What’s really impressive about the CT2WS system is the fact that it specializes in interpreting unconscious thoughts. DARPA wrapped up the binoculars’ first field test on Monday and came back with pretty impressive results. Essentially, while the soldier is looking through the device, he’s “shown approximately ten images per second, on average” and the so-called cognitive visual processing algorithms can distinguish a normal reaction from a slightly suspicious one. "CT2WS built on the concept that humans are inherently adept at detecting the unusual," DARPA explained in a statement. "Even though a person may not be consciously aware of movement or of unexpected appearance, the brain detects it and triggers the P-300 brainwave, a brain signal that is thought to be involved in stimulus evaluation or categorization."
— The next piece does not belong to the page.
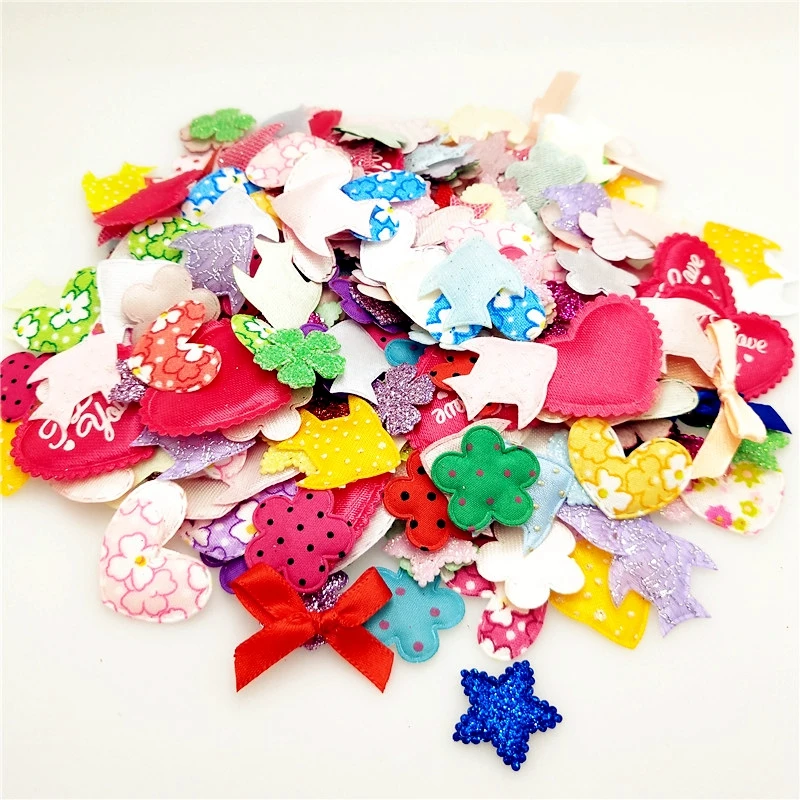

suoja mix 100pcs/lot Flower patches pads Felt Appliques diy craft accessories for hairband Padded Flowers Appliques Craft Sewing
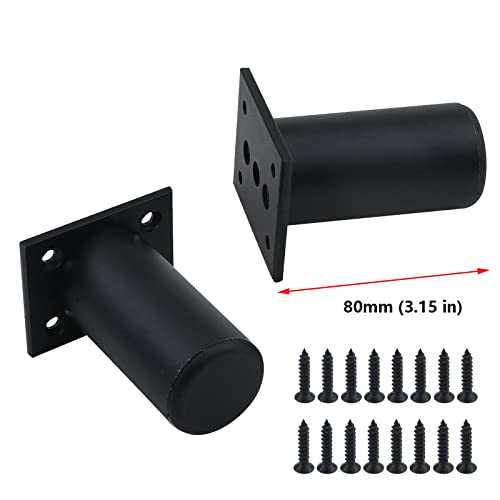Antrader 3-Inch Height 1.5-Inch Diameter Aluminum Alloy Furniture Cabinet Adjustable Feet Metal Round Sofa Bed Foot Legs Support with Screws, Black, Set of 4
Again, the success rate is incredible. With ancient tools like non-brain wave-powered binoculars, soldiers have a miss rate of 47 percent or more. (We can understand why DARPA decided to build something better, when scouts were missing literally half of the threats on the battlefield.) Once put behind the CT2WS, though, the same soldiers would catch 91 percent of targets, and with the wider field of view, they could ostensibly do so more quickly. What’s even more impressive is that the CT2WS system is seldom wrong. Whereas soldiers produced 810 false alarms per hour in testing without the system, that figure dropped to only five false positives an hour with the CT2WS.

This is all very exciting for soldiers who are sick of terrorists sneaking up on them. It’s even more exciting for peeping toms with Pentagon connections and a weird fetish for brainwave data. Not that that’s a big group or anything.